Work order
Write out the data again in full, keeping every character the same.

[Records from a collection]
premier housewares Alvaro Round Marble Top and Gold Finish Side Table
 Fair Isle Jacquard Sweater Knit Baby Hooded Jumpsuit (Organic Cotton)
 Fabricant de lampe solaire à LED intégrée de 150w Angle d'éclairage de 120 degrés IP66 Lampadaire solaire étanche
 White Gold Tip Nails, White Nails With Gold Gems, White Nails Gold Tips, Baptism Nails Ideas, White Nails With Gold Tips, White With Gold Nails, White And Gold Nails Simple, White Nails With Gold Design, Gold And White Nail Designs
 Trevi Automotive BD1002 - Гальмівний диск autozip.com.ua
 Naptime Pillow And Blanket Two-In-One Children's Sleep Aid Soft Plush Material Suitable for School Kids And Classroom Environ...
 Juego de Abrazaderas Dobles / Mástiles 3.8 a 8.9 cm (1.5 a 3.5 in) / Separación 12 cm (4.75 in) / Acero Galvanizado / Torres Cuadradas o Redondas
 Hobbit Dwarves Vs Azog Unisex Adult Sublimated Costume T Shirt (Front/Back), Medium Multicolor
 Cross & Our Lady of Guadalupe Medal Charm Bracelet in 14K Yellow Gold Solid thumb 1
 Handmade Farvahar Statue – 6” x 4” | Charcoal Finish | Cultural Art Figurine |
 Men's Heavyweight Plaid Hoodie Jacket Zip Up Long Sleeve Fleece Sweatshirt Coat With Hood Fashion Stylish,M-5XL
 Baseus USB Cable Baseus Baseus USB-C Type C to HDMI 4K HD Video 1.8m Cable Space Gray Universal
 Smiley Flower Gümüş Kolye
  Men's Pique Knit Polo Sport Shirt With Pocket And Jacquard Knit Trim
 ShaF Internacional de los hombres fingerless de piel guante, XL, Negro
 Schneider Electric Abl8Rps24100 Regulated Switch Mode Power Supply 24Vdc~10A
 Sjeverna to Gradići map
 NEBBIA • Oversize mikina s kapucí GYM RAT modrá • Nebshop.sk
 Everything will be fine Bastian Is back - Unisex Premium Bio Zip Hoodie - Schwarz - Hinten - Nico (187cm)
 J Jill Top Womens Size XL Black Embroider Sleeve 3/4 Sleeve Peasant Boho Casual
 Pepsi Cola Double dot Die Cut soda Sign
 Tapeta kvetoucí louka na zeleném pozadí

Output below
premier housewares Alvaro Round Marble Top and Gold Finish Side Table
 Fair Isle Jacquard Sweater Knit Baby Hooded Jumpsuit (Organic Cotton)
 Fabricant de lampe solaire à LED intégrée de 150w Angle d'éclairage de 120 degrés IP66 Lampadaire solaire étanche
 White Gold Tip Nails, White Nails With Gold Gems, White Nails Gold Tips, Baptism Nails Ideas, White Nails With Gold Tips, White With Gold Nails, White And Gold Nails Simple, White Nails With Gold Design, Gold And White Nail Designs
 Trevi Automotive BD1002 - Гальмівний диск autozip.com.ua
 Naptime Pillow And Blanket Two-In-One Children's Sleep Aid Soft Plush Material Suitable for School Kids And Classroom Environ...
 Juego de Abrazaderas Dobles / Mástiles 3.8 a 8.9 cm (1.5 a 3.5 in) / Separación 12 cm (4.75 in) / Acero Galvanizado / Torres Cuadradas o Redondas
 Hobbit Dwarves Vs Azog Unisex Adult Sublimated Costume T Shirt (Front/Back), Medium Multicolor
 Cross & Our Lady of Guadalupe Medal Charm Bracelet in 14K Yellow Gold Solid thumb 1
 Handmade Farvahar Statue – 6” x 4” | Charcoal Finish | Cultural Art Figurine |
 Men's Heavyweight Plaid Hoodie Jacket Zip Up Long Sleeve Fleece Sweatshirt Coat With Hood Fashion Stylish,M-5XL
 Baseus USB Cable Baseus Baseus USB-C Type C to HDMI 4K HD Video 1.8m Cable Space Gray Universal
 Smiley Flower Gümüş Kolye
  Men's Pique Knit Polo Sport Shirt With Pocket And Jacquard Knit Trim
 ShaF Internacional de los hombres fingerless de piel guante, XL, Negro
 Schneider Electric Abl8Rps24100 Regulated Switch Mode Power Supply 24Vdc~10A
 Sjeverna to Gradići map
 NEBBIA • Oversize mikina s kapucí GYM RAT modrá • Nebshop.sk
 Everything will be fine Bastian Is back - Unisex Premium Bio Zip Hoodie - Schwarz - Hinten - Nico (187cm)
 J Jill Top Womens Size XL Black Embroider Sleeve 3/4 Sleeve Peasant Boho Casual
 Pepsi Cola Double dot Die Cut soda Sign
 Tapeta kvetoucí louka na zeleném pozadí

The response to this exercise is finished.